La actividad física es fundamental para mejorar o mantener la calidad de vida, y un gran aliado en la prevención y tratamiento de diversos problemas de salud. Sin embargo, un aumento excesivo en la intensidad y frecuencia de la práctica de actividades deportivas ha llevado a muchas personas a buscar atención médica o terapia física debido a la aparición de lesiones en los músculos o las articulaciones. Aunque es común en algunos deportes, especialmente aquellos en los que hay contacto físico, como el fútbol y el baloncesto, las lesiones pueden causar excesivo dolor, malestar y limitar el movimiento; lo que podría comprometer no sólo la continuación de una rutina de ejercicio regular, sino también actividades de la vida diaria, tanto en casa como en el trabajo.

Las lesiones deportivas afectan principalmente a personas consideradas “deportistas de fin de semana”; es decir, personas que hacer deporte como un hobby y no suelen tener una formación regular de fitness y el deporte.

Una de las principales maneras de prevenir las lesiones deportivas es la búsqueda de reconocimiento a través de una evaluación con un fisioterapeuta, la calidad de la postura y el movimiento que puede abrumar a cualquier parte del cuerpo, dando lugar a una lesión.
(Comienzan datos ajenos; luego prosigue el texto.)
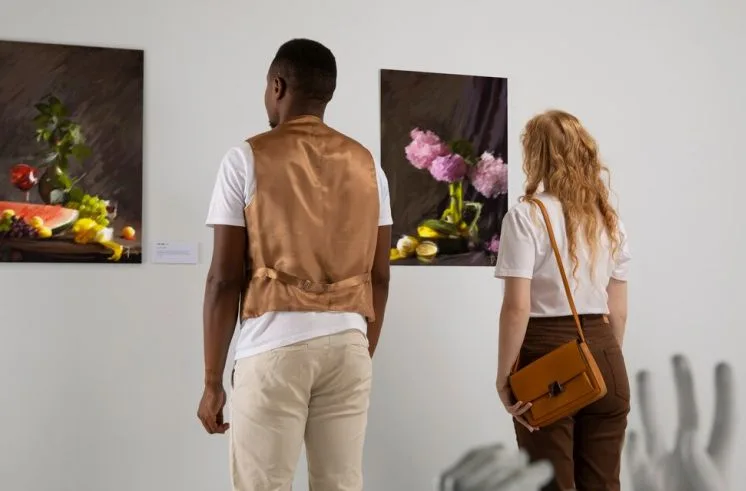 A man collecting paintings as a hobby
A partir de esto, la práctica de ejercicios de fortalecimiento muscular y estiramiento son extremadamente importantes para la prevención de lesiones.
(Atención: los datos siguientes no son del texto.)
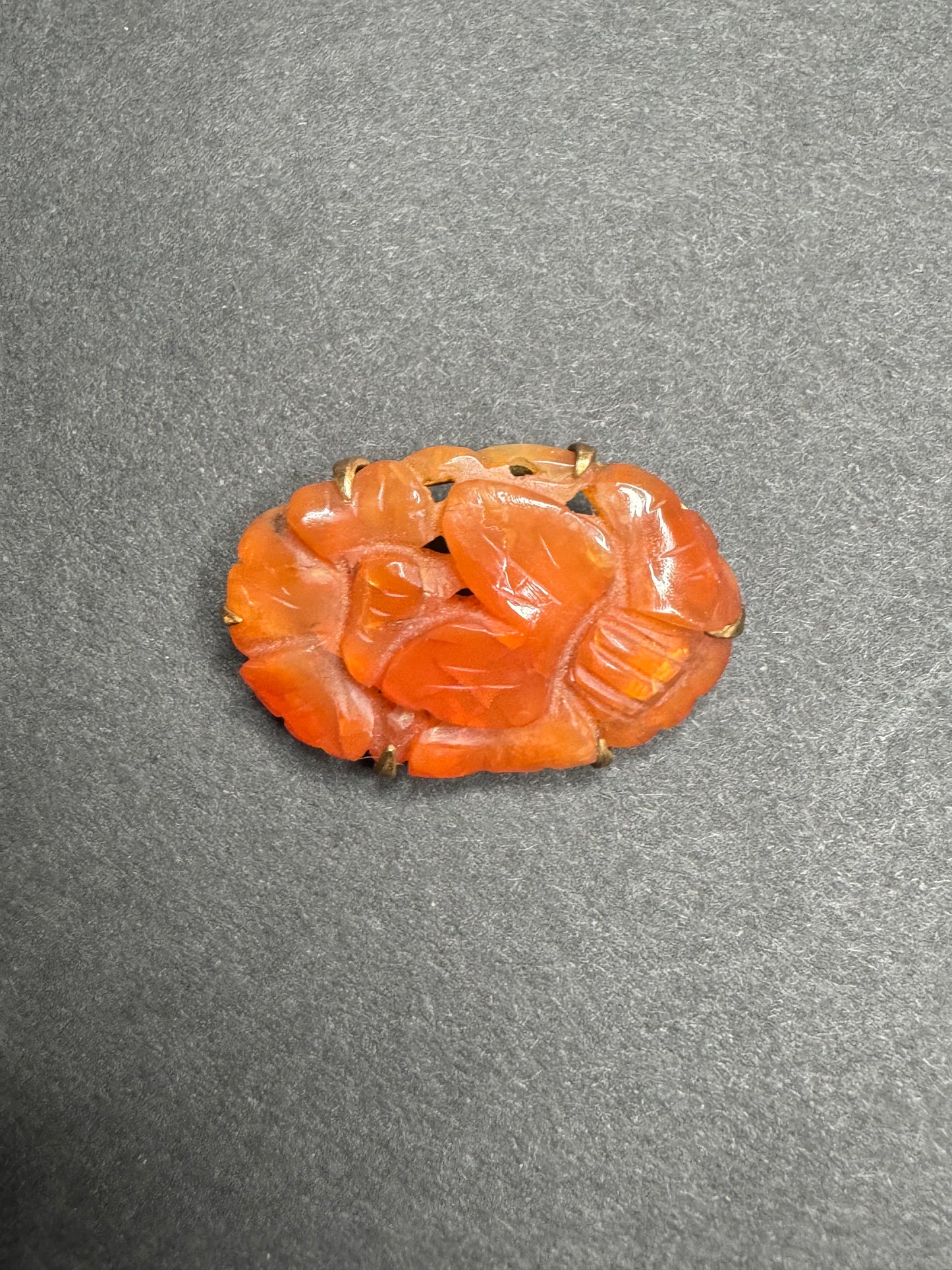 14k Carved Carnelian Brooch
Sin embargo, ¿qué podemos hacer cuando nos lesionamos? Incluso antes de buscar atención de un profesional de la salud, la gente puede empezar el tratamiento de la lesión, lo que reduce los síntomas inflamatorios comunes. Algunas acciones a realizar son:

– Protección y recuperación: Después de la lesión, el uso de la estabilización o la inmovilización mediante aparatos ortopédicos, tales como rodilleras, tobilleras, coderas, entre otros, o incluso el uso de dispositivos de soporte como muletas pueden ayudar.

– Hielo: La crioterapia (tratamiento mediante la aplicación de frío) usando bolsas de hielo o bolsas de gel es una herramienta de tratamiento importante en esta etapa. Esto ayuda a la reducción de los signos inflamatorios tales como el dolor y los edemas. Se puede aplicar varias veces al día durante un período de aproximadamente 20 minutos.

– Compresión: La compresión asociado con la aplicación de hielo ayuda en la contención de la inflamación. Se puede llevar a cabo con el uso de vendas elásticas.

– Elevación: Al igual que la aplicación de hielo y compresión, elevación del miembro lesionado tiene un papel importante para reducir la inflamación local, y por lo tanto reducir el dolor. Si la lesión es en el tobillo por ejemplo, el ideal es permanecer tumbado unos pocos minutos, con la pierna elevada, de modo que tu tobillo esté colocado a una altura por encima del nivel del corazón.